2. Théophraste, dans ses Éthiques, se demande si, confrontés aux destinées, les caractères changent et si, ébranlés par les souffrances du corps, ils s'éloignent de la vertu. Il relate que Périclès malade montra à un ami qui le visitait une amulette que les femmes lui avaient attachée au cou : il se jugeait très mal en point puisqu'il supportait cette niaiserie...

3. Alors qu'il était proche de sa fin, l'élite de ses concitoyens et ses amis survivants, assis autour de lui, discouraient de sa vertu et de la puissance considérable qui avait été sienne ; ils refaisaient la mesure de ses hauts faits et du grand nombre de ses trophées ‒ il y en avait neuf, qu'il avait élevés en l'honneur de la ville lors de ses commandements et de ses victoires.

4. C'était là ce dont ils s'entretenaient les uns les autres dans la pensée que lui ne les comprenait plus et était privé de ses facultés. Or, il se trouvait qu'il avait prêté attention à tout ; et de dire, prenant la parole au milieu d'eux : « Je m'étonne que vous fassiez éloge et mémoire de ces choses qui, venant du hasard, sont communes et sont déjà arrivées à beaucoup de généraux, tandis que vous ne citez pas ce qu'il y a, pour moi, de plus beau et de plus grand : c'est qu'aucun Athénien n'a revêtu de manteau noir à cause de moi ».

 

Périclès jugé par ses concitoyens et par Plutarque (39)

39.

1. Assurément, cet homme-là est admirable : non seulement pour la modération et la douceur qu'il conserva jusqu'au bout, confronté à beaucoup d'affaires et à de grandes haines ‒ mais aussi pour sa grandeur d'âme : il estimait que la meilleure de ses qualités était de ne s'être abandonné ni à la jalousie ni à l'emportement, malgré toute sa puissance, et de n'avoir jamais traité un ennemi comme un adversaire implacable.

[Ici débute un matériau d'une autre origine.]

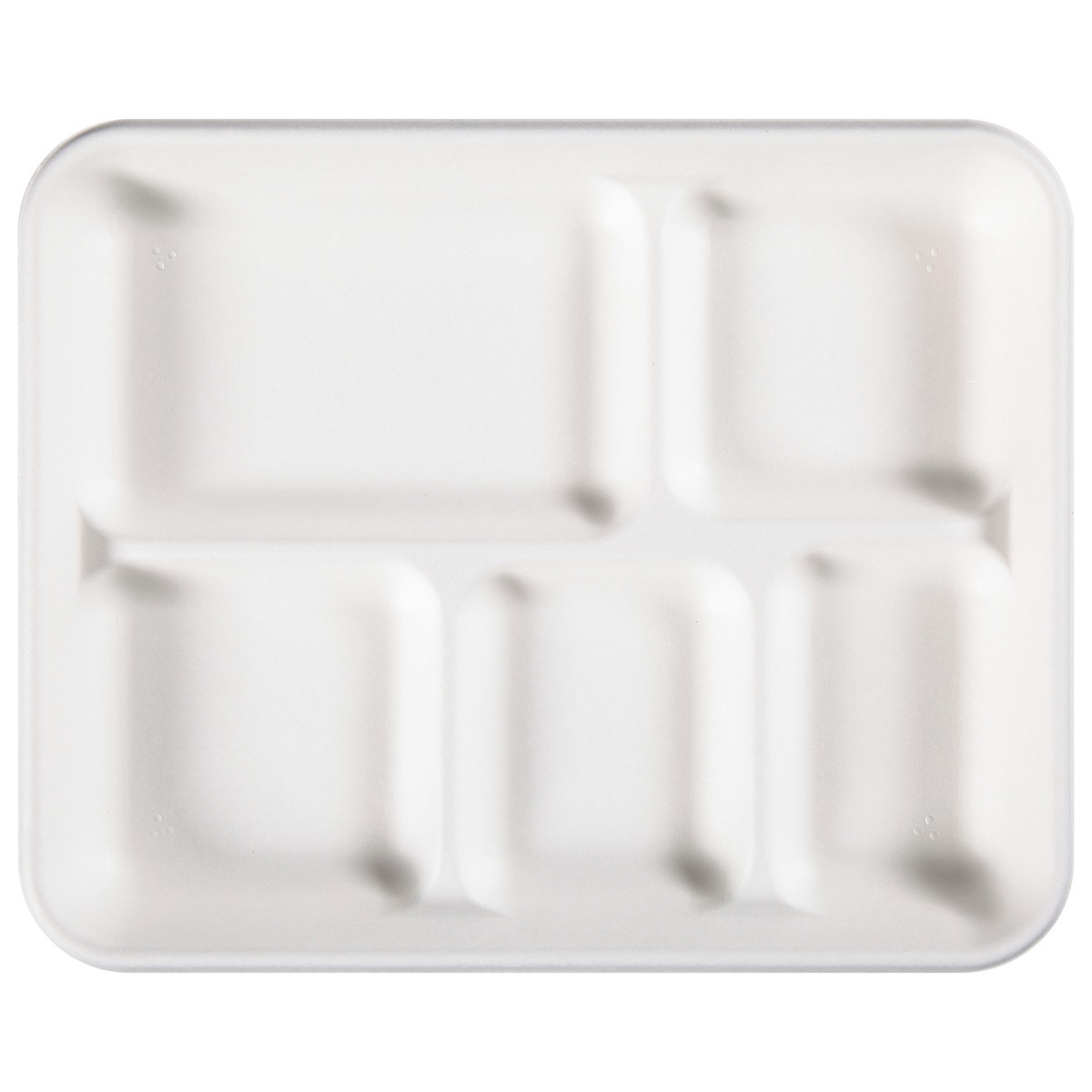slide 3 of 11, Hefty EcoSave Compostable Compartment Trays 12 ea, 12 ct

2. Et son surnom d'Olympien, à la fois puéril et imposant, une seule chose, me semble-t-il, le rend irréprochable et adéquat : on qualifie d'olympien un caractère bienveillant, une vie pure et sans tache au cœur du pouvoir ‒ ainsi jugeons-nous la race des dieux, qui commande et régit naturellement le monde, responsable du bien, innocente du mal. Nous ne suivons pas ici les poètes qui nous tourmentent avec leurs opinions d'ignorants et se laissent prendre à leurs propres affabulations : l'endroit où habitent les dieux est, disent-ils, un séjour stable et fixe, exempt de vents et de nuages, baigné en tout temps d'un air serein et doux, éclairé de manière égale d'une lumière très pure ; tel est le séjour qui, à leurs yeux, convient le mieux aux bienheureux immortels. Or ils représentent néanmoins les dieux comme remplis de trouble, de malveillance, de colère et d'autres passions malséantes même à des hommes sensés.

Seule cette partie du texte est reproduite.